Thursday, 7 June 2018: 9:00 AM
Colorado A (Grand Hyatt Denver)
Keenan R. Fryer, Stony Brook University, Stony Brook, NY; and B. A. Colle and J. J. Charney

Wildland fires represent a potentially dangerous and costly forecast problem for the Northeast U.S. (NEUS). While their occurrence less than the western U.S., the high density of population in the NEUS can cause significant problems. Past studies have shown that mesoscale models for NEUS fire weather days (FWDs) have large biases in warm season PBL temperatures. During the IMPOWR (Improving the Mapping and Prediction of Offshore Wind Resources) field study, which took place in the spring and summer months of 2013–2014, a number of flights were done using a Long-EZ aircraft to collect observations over the Pine Barrens region of New Jersey.

The focus of this work is two of these Long-EZ flights completed on the 10th and 14th of April, 2013 over the central New Jersey pine barrens. The flights consisted of a number of spiraling vertical profiles as well as a series of vertically stacked level flight legs which are used to give a cross-sectional view of the PBL. The Weather Research and Forecasting (WRF) model are validated against these aircraft observations, along with observations from buoy, land surface stations, and NWS balloon soundings. Two different ensembles of WRF results are compared. The first group is a small 3-member ensemble down to 1.33-km grid spacing using the RAP for initial and boundary conditions, with each member employing one of the YSU, ACM2, or MYNN2 PBL schemes. The second is a large (40 member) ensemble which uses the MYNN2 PBL scheme and was initialized using analyses obtained from a continuously cycled ensemble Kalman filter (EnKF) Data Assimilation (DA) system. For the DA system, 6 hourly cycling began 10-14 days prior to an event, where a 40 member, 12km resolution WRF ensemble was advanced 6 hours, then observations from NCEP’s Meteorological Assimilation Data Ingest System (MADIS) assimilated using an implementation of an ensemble adjustment Kalman filter in the Data Assimilation Research Testbed (DART).
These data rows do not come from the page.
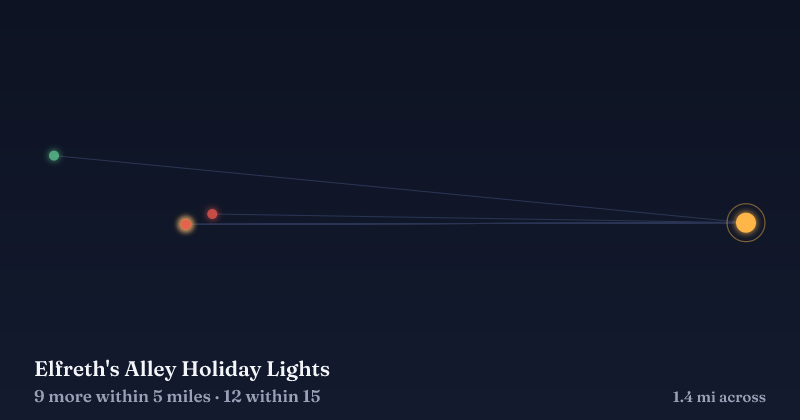 Map of Elfreth's Alley Holiday Lights and the 12 other Christmas light displays within 15 miles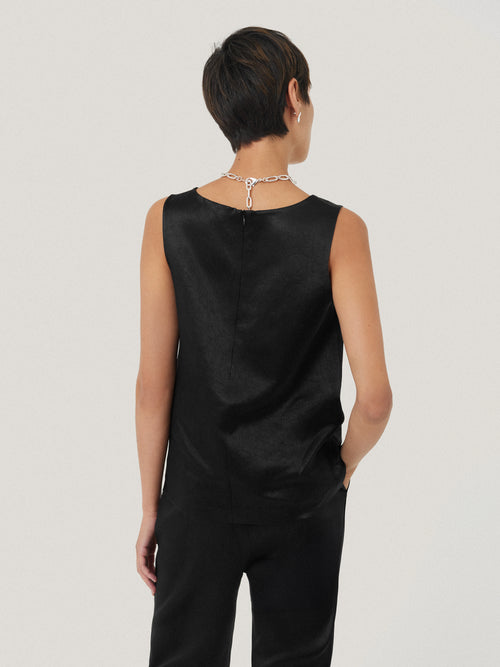 Bonded Satin Tank Top | Black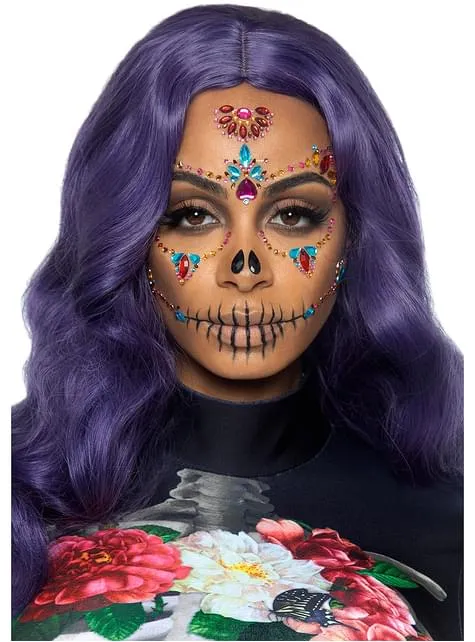 Catrina Halloween face jewels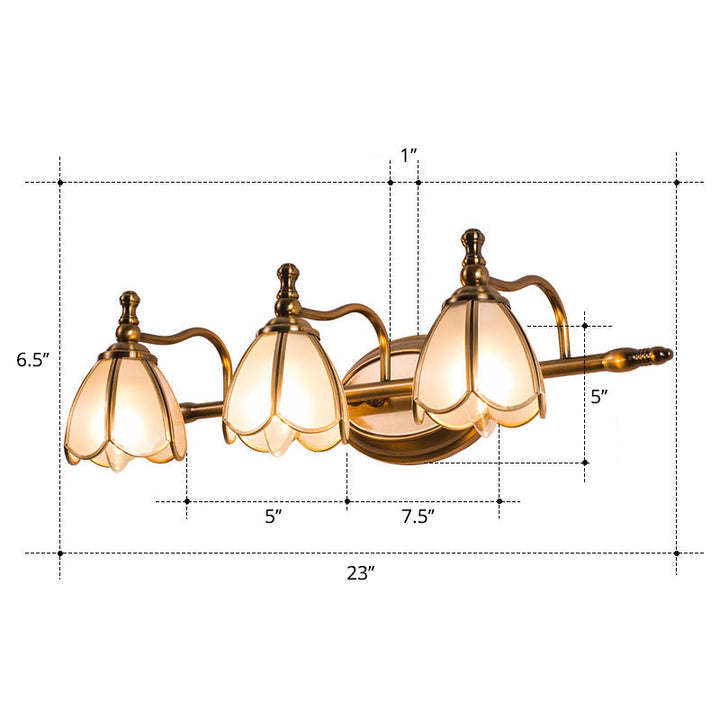 Lisslune | White Glass Wavy Wall Light Colonial Chic Bathroom Vanity Lighting Ideas in Bronze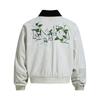 Unisex Oversized Suede Jacket With Contrast Floral Embroidery Casual Winter Outerwear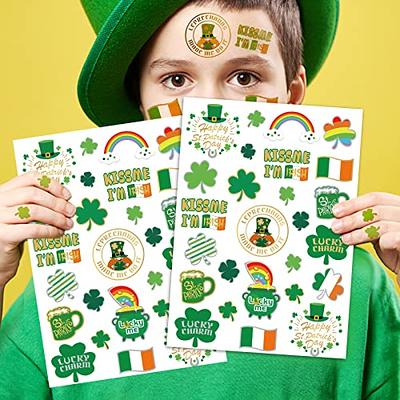 Ireland Four Leaf Clover Temporary Saint Patrick's Day Fake Tattoo Sticker  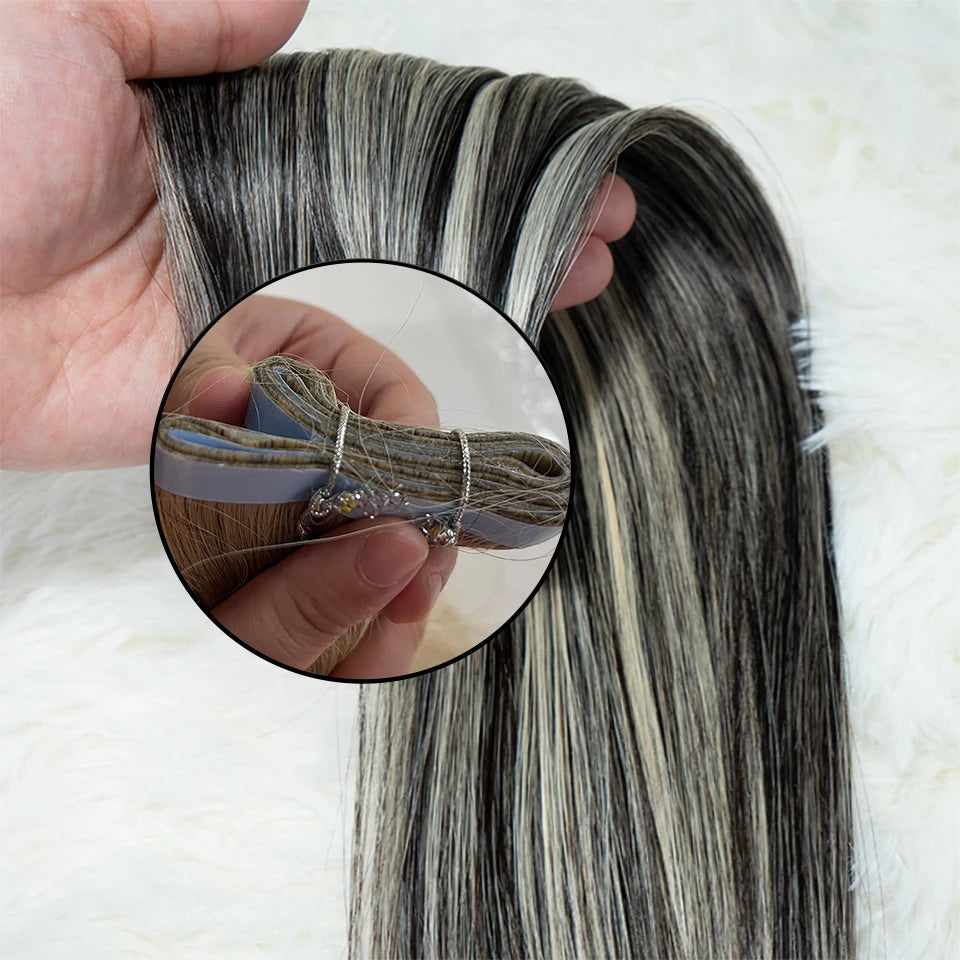 Tape In Hair Weft Extensions Cuticle Aligned Virgin Human Hair Invisible Adhesive Skin Hair European Straight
The physics ensemble provides an insight into the PBL sensitivity for these events while the DA ensemble provides insight into the sensitivity to initial conditions.

This presentation will summarize the Long-EZ observations, along with any biases in temperature, wind speed, and moisture profiles. Results from the physics ensemble show a small sensitivity to the various PBL schemes, with a slight warm bias, which is different from the large cool biases shown in previous work of fire weather days in this region. Preliminary results from the EnKF ensemble have more of a cool bias. The PBL ensemble is clustered together with weaker than observed wind speeds, while the DA ensemble has a more accurate prediction of the winds. This presentation will suggest some of the possible reasons for the different PBL and ensemble performance.